» **Problem to work on**
Nothing but the lines from the start of the records through the line that contains "Kaatsheuvel 19 november 2017" is to be copied, and each is to be copied exactly.

[[ Record set open ]]

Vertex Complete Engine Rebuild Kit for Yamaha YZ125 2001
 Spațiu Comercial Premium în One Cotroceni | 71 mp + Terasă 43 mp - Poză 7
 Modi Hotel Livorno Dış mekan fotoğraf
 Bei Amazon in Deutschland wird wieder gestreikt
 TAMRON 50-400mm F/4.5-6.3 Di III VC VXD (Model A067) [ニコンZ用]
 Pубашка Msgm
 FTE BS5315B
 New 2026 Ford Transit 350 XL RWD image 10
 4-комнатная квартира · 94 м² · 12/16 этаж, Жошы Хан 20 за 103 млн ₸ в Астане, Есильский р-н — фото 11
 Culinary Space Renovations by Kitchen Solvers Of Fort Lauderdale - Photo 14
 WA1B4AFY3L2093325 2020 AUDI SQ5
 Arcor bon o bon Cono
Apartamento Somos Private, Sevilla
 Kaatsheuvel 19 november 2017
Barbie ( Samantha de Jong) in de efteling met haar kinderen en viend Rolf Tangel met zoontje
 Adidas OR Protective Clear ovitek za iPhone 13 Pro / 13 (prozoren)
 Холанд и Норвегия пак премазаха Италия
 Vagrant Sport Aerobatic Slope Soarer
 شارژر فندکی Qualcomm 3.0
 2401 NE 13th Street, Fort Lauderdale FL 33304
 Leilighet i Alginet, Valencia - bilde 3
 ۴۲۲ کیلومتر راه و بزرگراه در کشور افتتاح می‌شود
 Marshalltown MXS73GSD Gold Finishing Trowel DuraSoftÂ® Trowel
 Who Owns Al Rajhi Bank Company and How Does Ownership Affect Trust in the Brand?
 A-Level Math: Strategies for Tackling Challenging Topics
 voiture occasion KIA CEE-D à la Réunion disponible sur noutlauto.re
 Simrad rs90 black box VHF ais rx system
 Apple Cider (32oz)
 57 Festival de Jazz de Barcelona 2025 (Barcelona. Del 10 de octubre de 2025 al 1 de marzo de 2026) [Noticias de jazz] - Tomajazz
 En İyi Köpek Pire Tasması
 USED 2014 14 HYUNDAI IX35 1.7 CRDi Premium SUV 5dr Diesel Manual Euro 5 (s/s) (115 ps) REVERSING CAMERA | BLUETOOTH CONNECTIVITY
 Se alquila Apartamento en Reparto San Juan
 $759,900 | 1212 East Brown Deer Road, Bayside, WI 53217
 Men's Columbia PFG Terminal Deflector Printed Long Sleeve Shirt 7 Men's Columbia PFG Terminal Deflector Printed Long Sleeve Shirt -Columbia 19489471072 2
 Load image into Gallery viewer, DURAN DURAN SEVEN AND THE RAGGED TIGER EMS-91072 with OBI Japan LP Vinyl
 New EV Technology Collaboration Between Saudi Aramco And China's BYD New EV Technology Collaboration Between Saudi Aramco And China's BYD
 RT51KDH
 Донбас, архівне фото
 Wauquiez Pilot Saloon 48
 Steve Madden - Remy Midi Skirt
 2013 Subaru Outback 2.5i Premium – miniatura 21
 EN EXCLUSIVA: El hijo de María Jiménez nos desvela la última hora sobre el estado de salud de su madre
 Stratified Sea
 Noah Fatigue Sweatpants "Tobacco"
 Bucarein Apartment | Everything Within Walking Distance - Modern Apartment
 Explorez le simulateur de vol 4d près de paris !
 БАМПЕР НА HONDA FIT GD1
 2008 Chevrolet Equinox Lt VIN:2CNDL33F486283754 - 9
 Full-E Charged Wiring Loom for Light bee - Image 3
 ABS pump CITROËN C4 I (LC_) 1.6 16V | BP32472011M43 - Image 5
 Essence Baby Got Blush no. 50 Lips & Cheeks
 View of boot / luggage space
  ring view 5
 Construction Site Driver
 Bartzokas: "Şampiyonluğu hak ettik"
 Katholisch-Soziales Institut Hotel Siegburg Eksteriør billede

[[ Record set closed ]]

» **Completed exercise**
Vertex Complete Engine Rebuild Kit for Yamaha YZ125 2001
 Spațiu Comercial Premium în One Cotroceni | 71 mp + Terasă 43 mp - Poză 7
 Modi Hotel Livorno Dış mekan fotoğraf
 Bei Amazon in Deutschland wird wieder gestreikt
 TAMRON 50-400mm F/4.5-6.3 Di III VC VXD (Model A067) [ニコンZ用]
 Pубашка Msgm
 FTE BS5315B
 New 2026 Ford Transit 350 XL RWD image 10
 4-комнатная квартира · 94 м² · 12/16 этаж, Жошы Хан 20 за 103 млн ₸ в Астане, Есильский р-н — фото 11
 Culinary Space Renovations by Kitchen Solvers Of Fort Lauderdale - Photo 14
 WA1B4AFY3L2093325 2020 AUDI SQ5
 Arcor bon o bon Cono
Apartamento Somos Private, Sevilla
 Kaatsheuvel 19 november 2017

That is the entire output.